[Items from a data source]

•••••

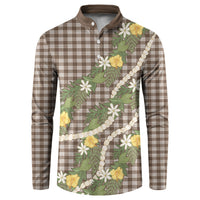 Aloha Puakenikeni Anthurium Pikake Lei Button Sweatshirt Chocolate Hawaiian Palaka Pattern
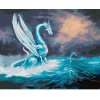 Diamantové maľovanie - MOCNÝ DRAK A MORSKÁ PANNA Rámovanie: vypnuté plátno na rám, Rozmer: 40x50 cm
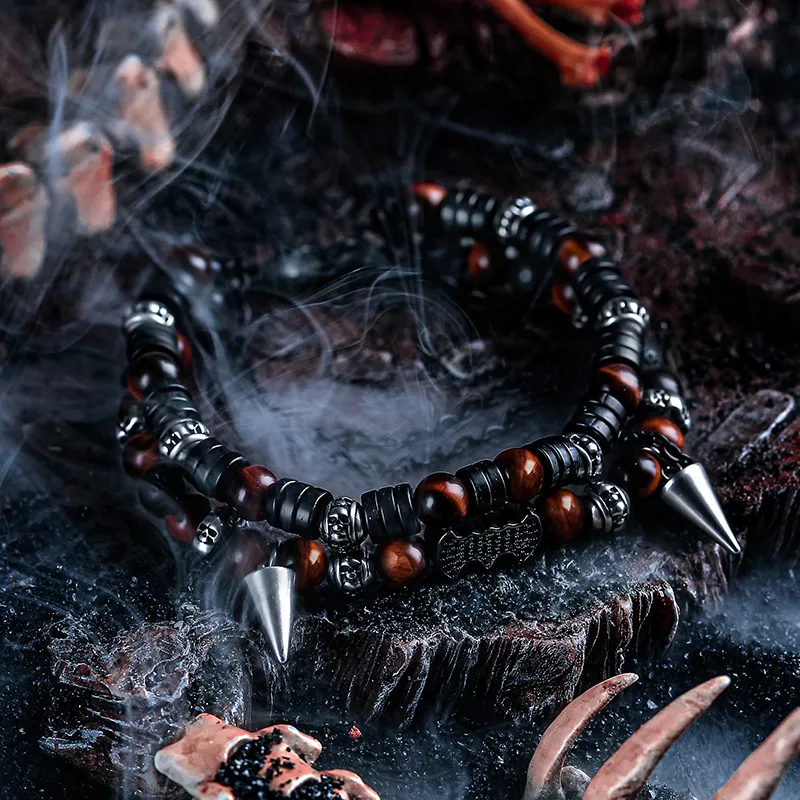 Cuud Dragon Crystal Stone Bracelets Men's-2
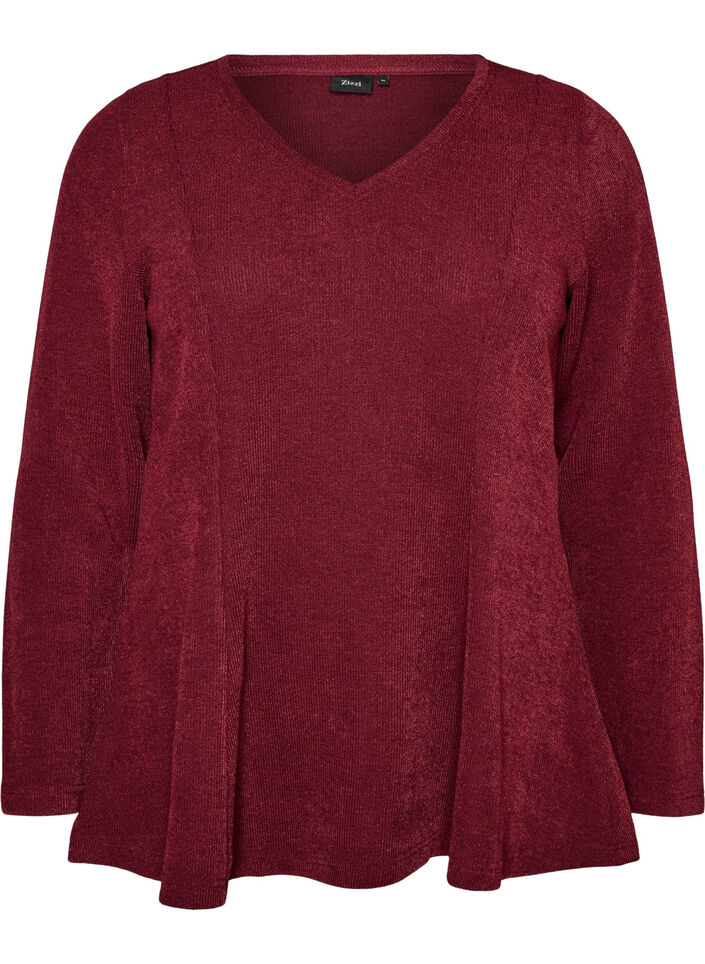 Jersey blouse with a ribbed texture and an A-line fit, Red, Packshot image number 0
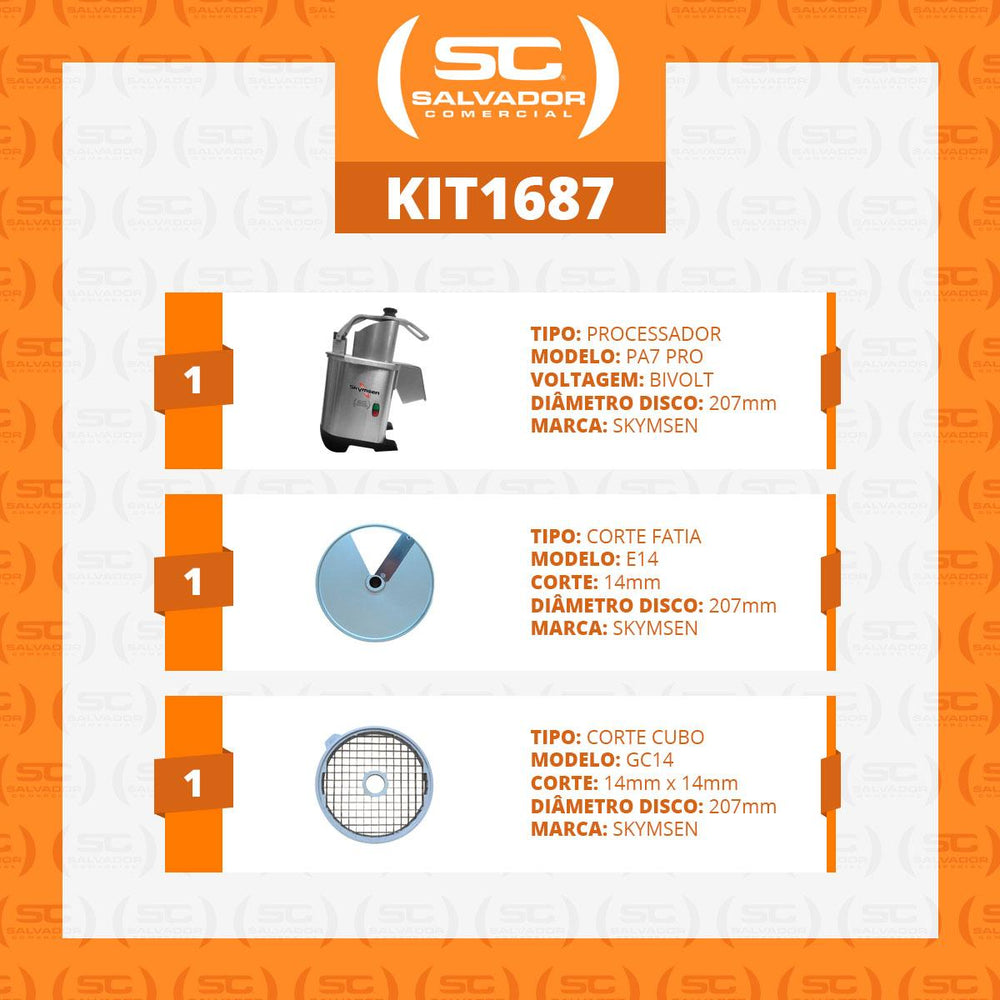 Processador de Alimentos Corte Fatias 14mm e Cubos 14mm 14x14x14mm PA7 PRO Bivolt - Skymsen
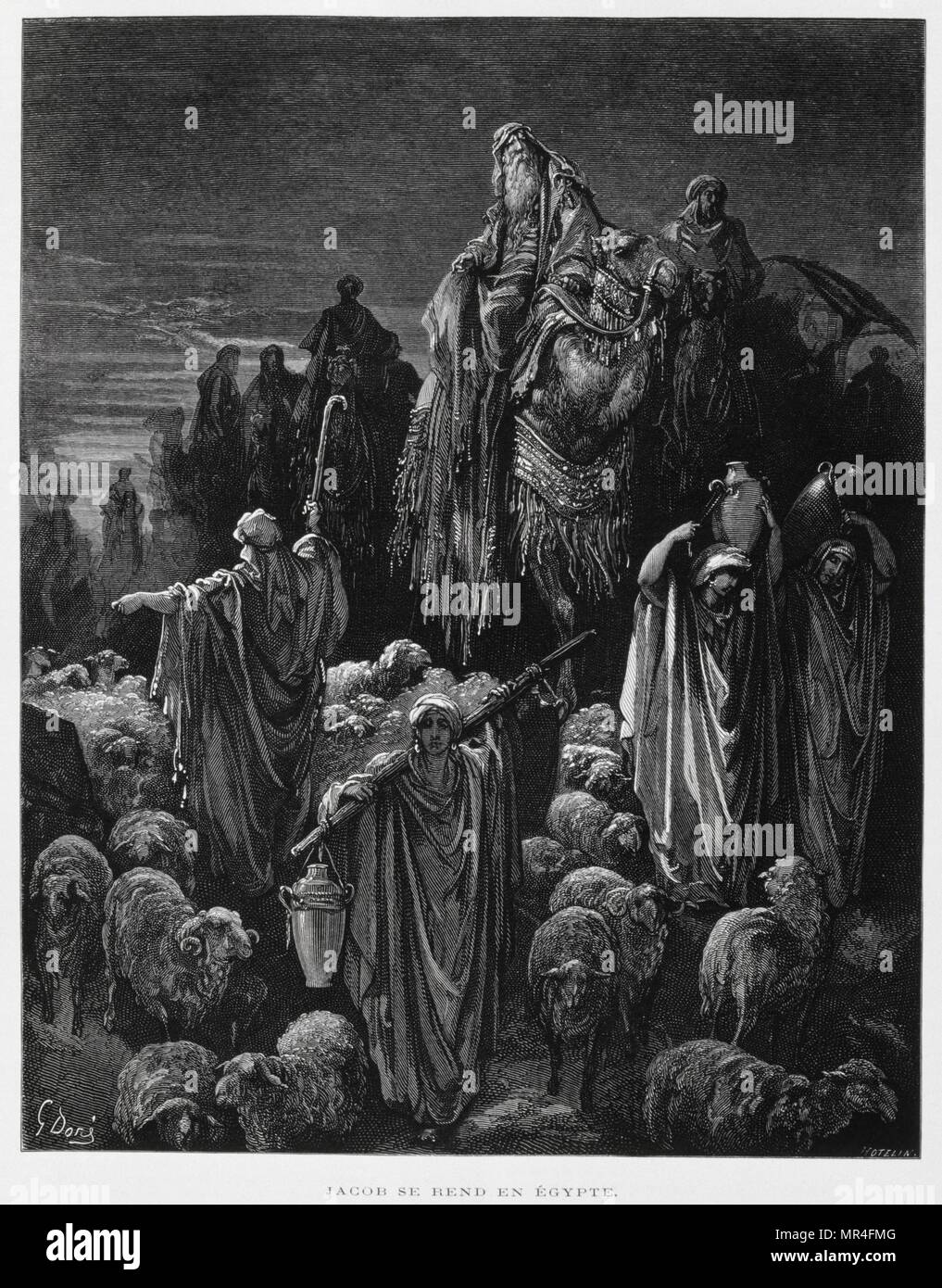 Jacob and his sons arrive in Egypt, Illustration from the Dore Bible 1866. In 1866, the French artist and illustrator Gustave Doré (1832–1883), published a series of 241 wood engravings for a new deluxe edition of the 1843 French translation of the Vulgate Bible, popularly known as the Bible de Tours. This new edition was known as La Grande Bible de Tours and its illustrations were immensely successful. Stock Photo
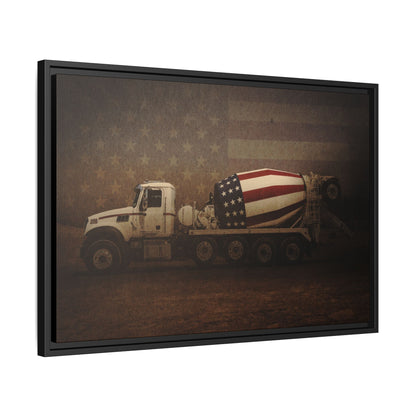 Patriotic Concrete Truck| Framed Wall Art on Stretched Canvas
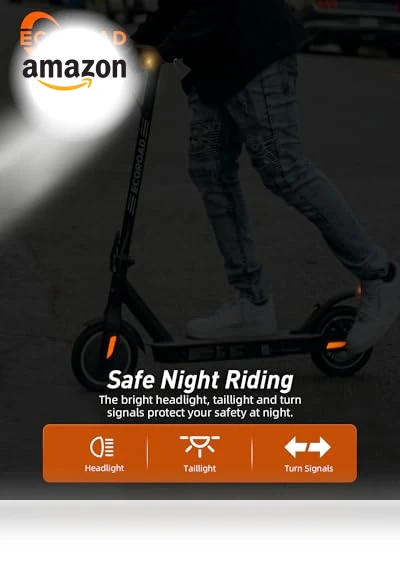 Electric Scooter with Turn Signals, 19 MPH Max Speed, 15 Miles Range — Push Scooters, ECOROAD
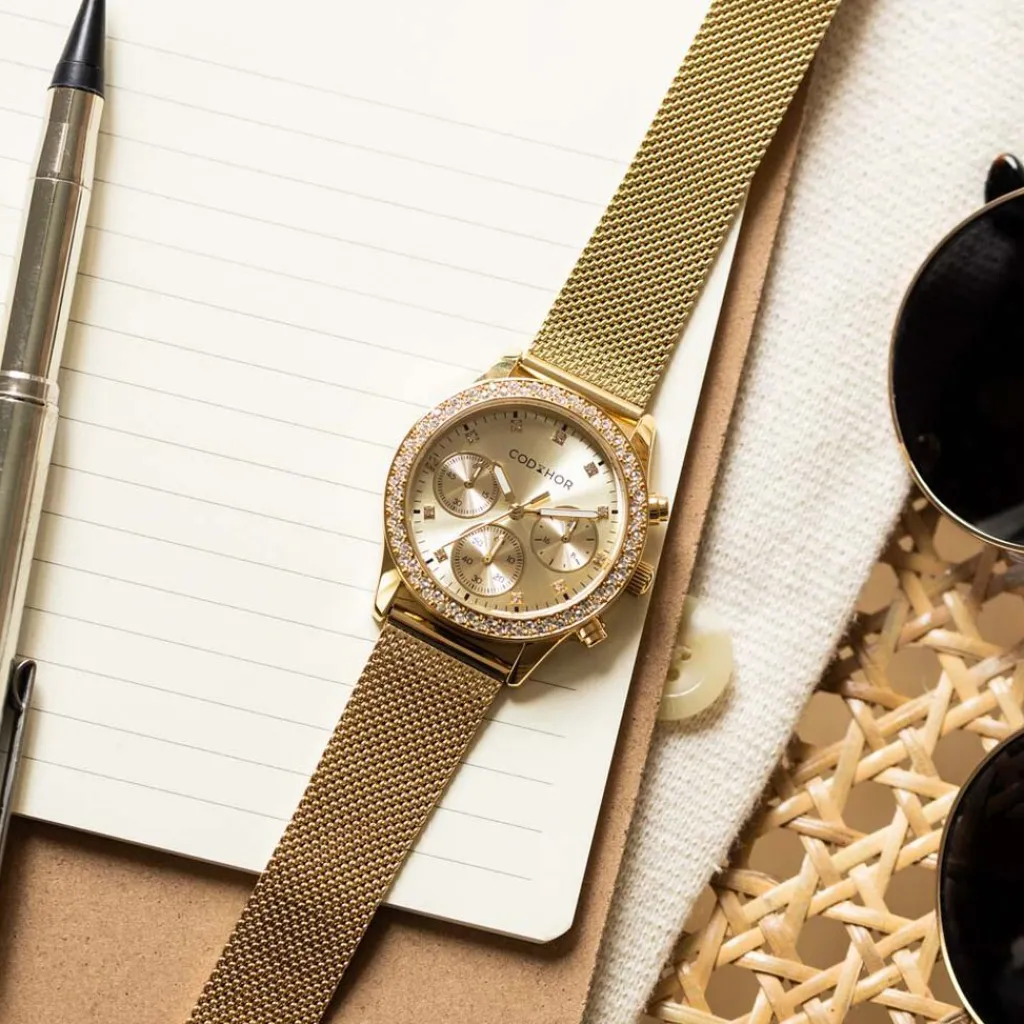 CODHOR Montre Julia Doré cadran doré fond champagne bracelet acier doré Online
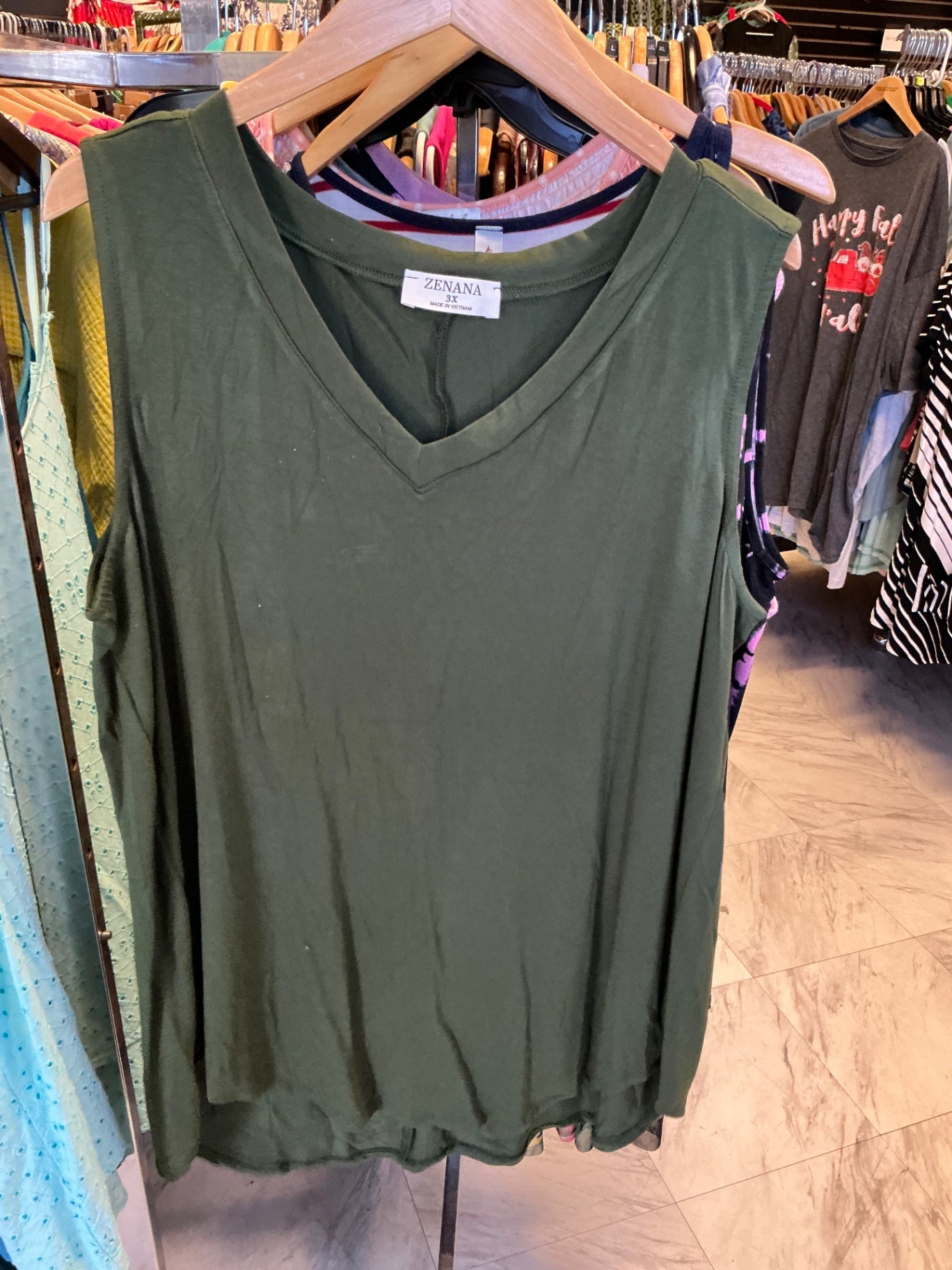 Zenana Sleeveless Top 3X Dark Green NWOT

•••••

**EXERCISE PROMPT:** Once the pictures are set aside, write out each record exactly.

**TASK OUTPUT:**
 Aloha Puakenikeni Anthurium Pikake Lei Button Sweatshirt Chocolate Hawaiian Palaka Pattern
 Diamantové maľovanie - MOCNÝ DRAK A MORSKÁ PANNA Rámovanie: vypnuté plátno na rám, Rozmer: 40x50 cm
 Cuud Dragon Crystal Stone Bracelets Men's-2
 Jersey blouse with a ribbed texture and an A-line fit, Red, Packshot image number 0
 Processador de Alimentos Corte Fatias 14mm e Cubos 14mm 14x14x14mm PA7 PRO Bivolt - Skymsen
 Jacob and his sons arrive in Egypt, Illustration from the Dore Bible 1866. In 1866, the French artist and illustrator Gustave Doré (1832–1883), published a series of 241 wood engravings for a new deluxe edition of the 1843 French translation of the Vulgate Bible, popularly known as the Bible de Tours. This new edition was known as La Grande Bible de Tours and its illustrations were immensely successful. Stock Photo
 Patriotic Concrete Truck| Framed Wall Art on Stretched Canvas
 Electric Scooter with Turn Signals, 19 MPH Max Speed, 15 Miles Range — Push Scooters, ECOROAD
 CODHOR Montre Julia Doré cadran doré fond champagne bracelet acier doré Online
 Zenana Sleeveless Top 3X Dark Green NWOT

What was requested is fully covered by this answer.